Fresh Milk is pleased to start the new year by welcoming Tiffany Boyle & Jessica Carden of the Mother Tongue curatorial project as our first international residents for 2015. They will be on the platform from January 26 – February 20. Read more below:

A Thousand of Him, Scattered: Relative Newcomers in Diaspora, Stills: Scotland's Centre for Photography | April - July 2014 | Yael Bartana | Richard Fung | Kiluanji Kia Henda | Bouchra Khalili | Maud Sulter | Milja Viita. Group Exhibition with accompanying events programme and publication in partnership with TrAIN: Transnational Research Centre for Art, Identity and Nation [UAL].

A Thousand of Him, Scattered: Relative Newcomers in Diaspora, Stills: Scotland’s Centre for Photography.

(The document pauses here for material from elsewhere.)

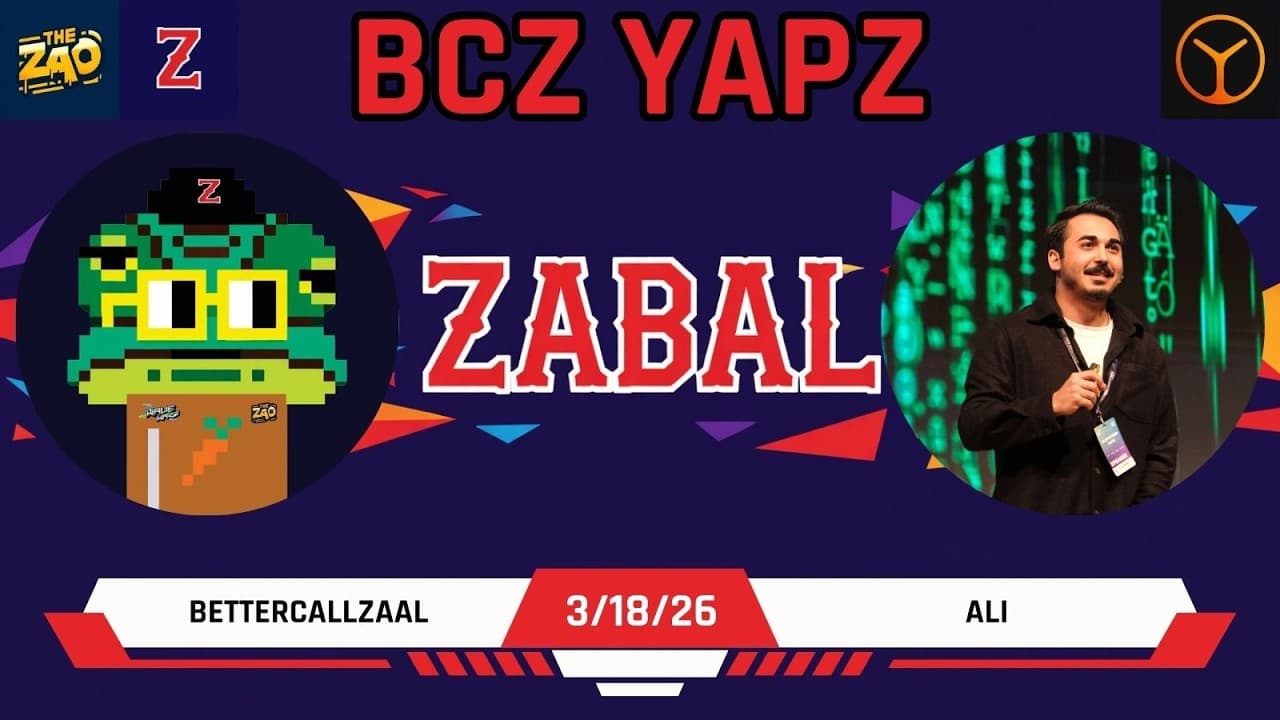 Ali on BCZ YapZ
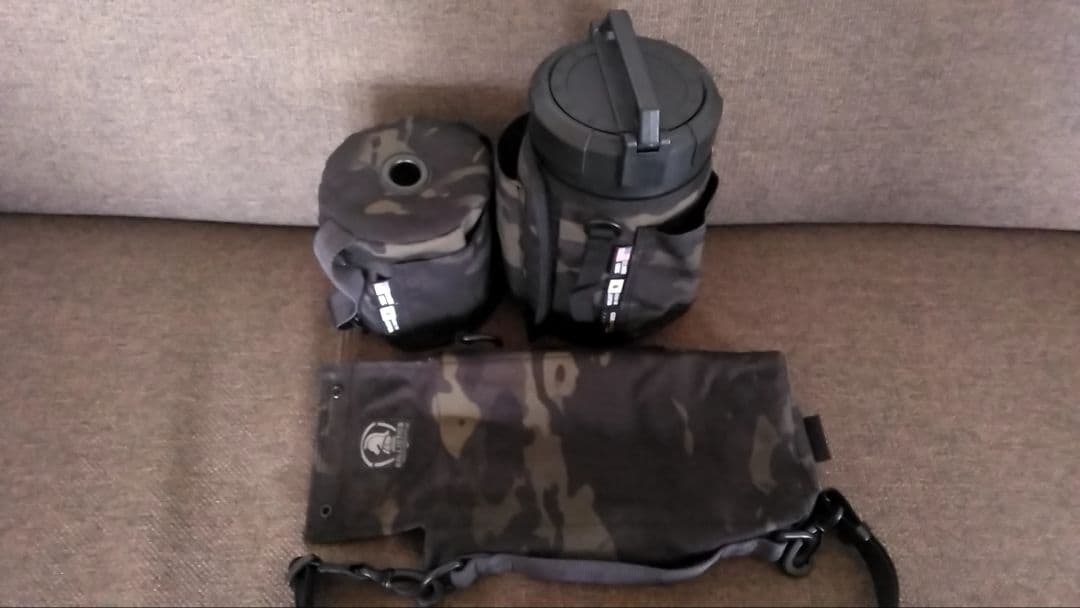 バリスティクス　ウエットティッシュ　ティッシュ　トイレットペーパー　ケース3種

Mother Tongue  focuses on specific issues that are of ongoing significance for their research into northern Scandinavia and West African cultures. Although they have some knowledge of the Caribbean through the work of writers, diasporic artists and having exhibited work with connections to the region in the past, this exploratory research and writing residency with Fresh Milk will be their first visit to Barbados and the wider Caribbean.

During their stay, they will conduct a range of studio visits, archival research, meetings, interviews, etc, as initial groundwork, and as a way of grasping and getting to terms with a locale very different to their home territory of Scotland.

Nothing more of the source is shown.